3. Plaintiff’s enumeration of error number 13 arises from the trial court sustaining defendant’s objection to a question asked of plaintiff’s witness (the manager of plaintiff’s branch at which the commodities broker was employed) on direct examination. No statement was made to the court showing what the answer to the question would have been, thus there is nothing for us to review on appeal. Zohbe v. First Nat. Bank, Cobb County, 162 Ga. App. 604, 605 (2) (292 SE2d 444).
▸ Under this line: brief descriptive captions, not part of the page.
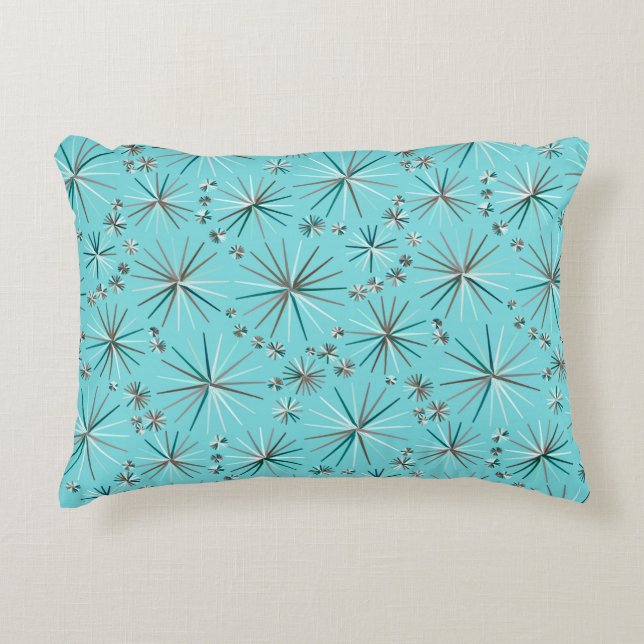 Mid Century Sputnik pattern, Robin's Egg Blue Accent Pillow (Front)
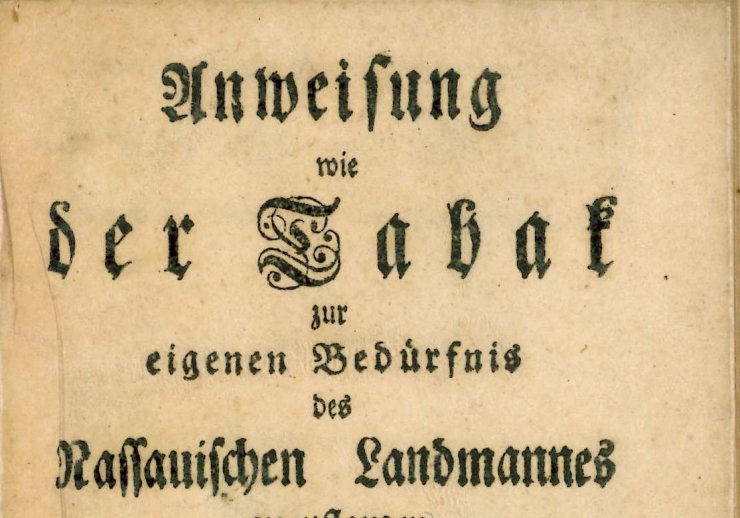 Titelseite der Anweisung zum Tabakanbau (1780)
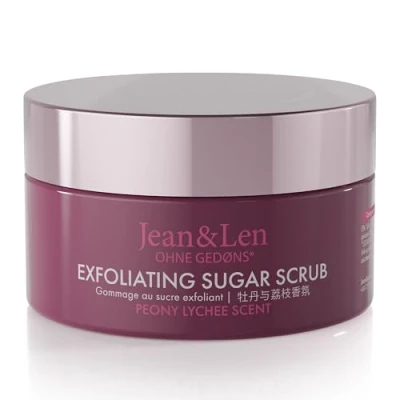 Abbildung von Jean &amp; Len Antioxidant Sugar Scrub Peony Lychee, für ein duftendes Reinigungserlebnis, mit reichhaltigen Ölen, hochwertiger Tiegel, Zuckerpeeling ohne Parabene Silikone, 200 ml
4. There was no error in the trial court permitting defendant’s expert witness to respond to a question as to what would be indicated by getting out of the market with a small gain, by testifying that if the gain was so small as to not cover the brokerage commission the trade would be a losing trade. The testimony was not speculative as plaintiff argued but a mathematical certainty.

5. Plaintiff’s remaining enumerations of error present nothing for review on appeal due to the absence of objections, statement of grounds for objections or failure to raise the issues at trial argued on appeal.

Judgment affirmed.

Deen, P. J., and Sognier, J., concur.